Albatros
- Histoire naturelle
- Bory de Saint-Vincent
- Encyclopédie moderne
Albatros. Il est peu de relations de voyages de long cours où l’on ne trouve le nom de cet oiseau, désigné vulgairement par les matelots sous le non de mouton du Cap, que lui valurent sa taille et sa couleur. L’albatros est le plus gros des oiseaux de mer ; et malgré son volume, qui semblerait devoir le condamner à ne pas quitter la surface des eaux, où ses pieds palmés, lui facilitent les moyens de nager comme les canards, l’albatros est encore l’un, des oiseaux qui volent le mieux et le plus longtemps. C’est vers le tropique méridional et surtout lorsqu’on double le midi de l’Afrique, que les marins commencent à en rencontrer l’espèce la plus commune, espèce à laquelle Linné imposa le nom de Diomedea exulans. Ce grand naturaliste, qui fit un usage si heureux de la nomenclature des héros d’Homère et de tous les personnages de la mythologie, voulut faire allusion parce choix à la métamorphose des compagnons de Diomède ; en effet, l’on a vu souvent des albatros, fatigués d’un trajet de quatre cents lieues, se posant en grande quantité sur les agrès d’un vaisseau, y rappeler ces guerriers grecs que l’imagination brillante du poète fit sortir de leur flotte pour venger une divinité irritée, et qui furent métamorphosés en oiseaux.
L’albatros qu’on trouve au cap de Bonne-Espérance a le corps très gros, le bec très fort, le dos couvert de plumes roussâtres, et les parties inférieures, qu’il présente pendant son vol, d’un blanc assez pur ; ses ailes ont plus de quatre pieds d’ouverture d’une pointe à l’autre : l’animal ne craint pas, avec leur secours, de s’éloigner du rivage à d’énormes distances. Il est fort vorace et enlève les poissons volants au moment où, quittant la vague dans l’épaisseur de laquelle un autre ennemi les poursuivait, ils croyent échapper à la mort par les routes de l’air. L’albatros n’attend quelquefois pas que sa victime soit exondée ; il la saisit dans l’eau, quand il ne préfère pas s’emparer de la dorade ou du scombre qui poursuit une proie trop chétive.

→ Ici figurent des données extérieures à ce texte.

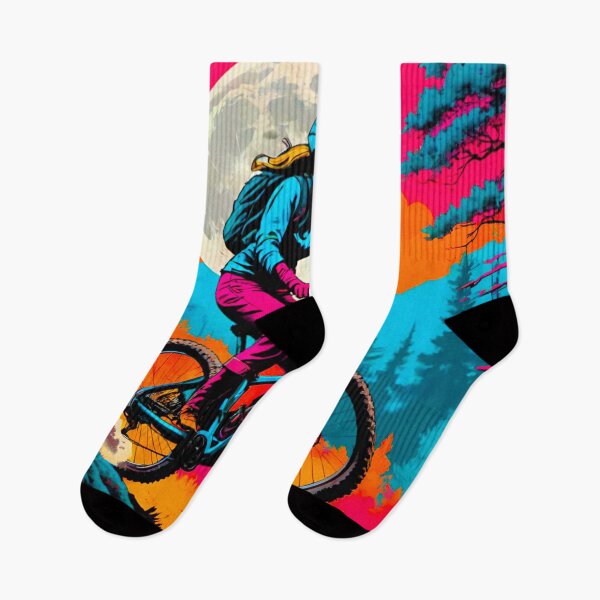 Item preview, Shredding the Trails: Female MTB Rider designed and sold by GrizzlyCollective.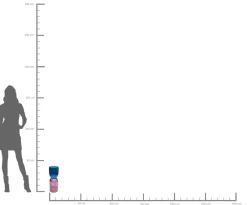 Hot KARE Design Wazon Marvelous Duo Ø17x40 cm fioletowo-niebieski - KARE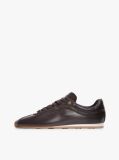 Brown TH Monogram Plaque Leather Trainers  Women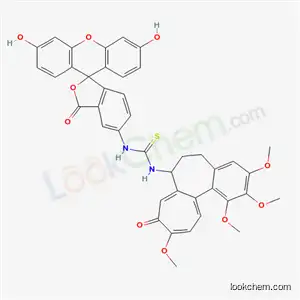Molecular Structure of 66091-34-7 (Fluorescein colchicine)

Nous avons vu des albatros posés sur l’eau, non comme y sont ordinairement les oiseaux aquatiques avec les parties inférieures et les pattes plongées, mais leurs larges pieds ouverts, étendus à la surface des vagues comme ceux des autres palmipèdes le sont sur l’arène du rivage quand ils s’y arrêtent ; dans cette position, l’albatros peut reprendre aisément son vol, ce qu’il fait en étendant peu à peu ses ailes et en les agitant quelque temps pour prendre l’air nécessaire à son ascension sans mouiller ses remiges.
La chair de l’albatros est dure et son goût est désagréable ; cependant elle a quelquefois été d’un grand secours à des marins, qui, après de longues privations, préféraient la chair fraîche aux viandes salées, dont on se fatigue sitôt dans une traversée. L’albatros vient pondre sur les côtes désertes et s’y construit en argile de grands nids fort élevés, où la femelle dépose une plus grande quantité d’œufs que n’en pondent ordinairement les grands oiseaux, On connaît deux autres espèces de ces oiseaux, dont l’une habite les mers de la Chine.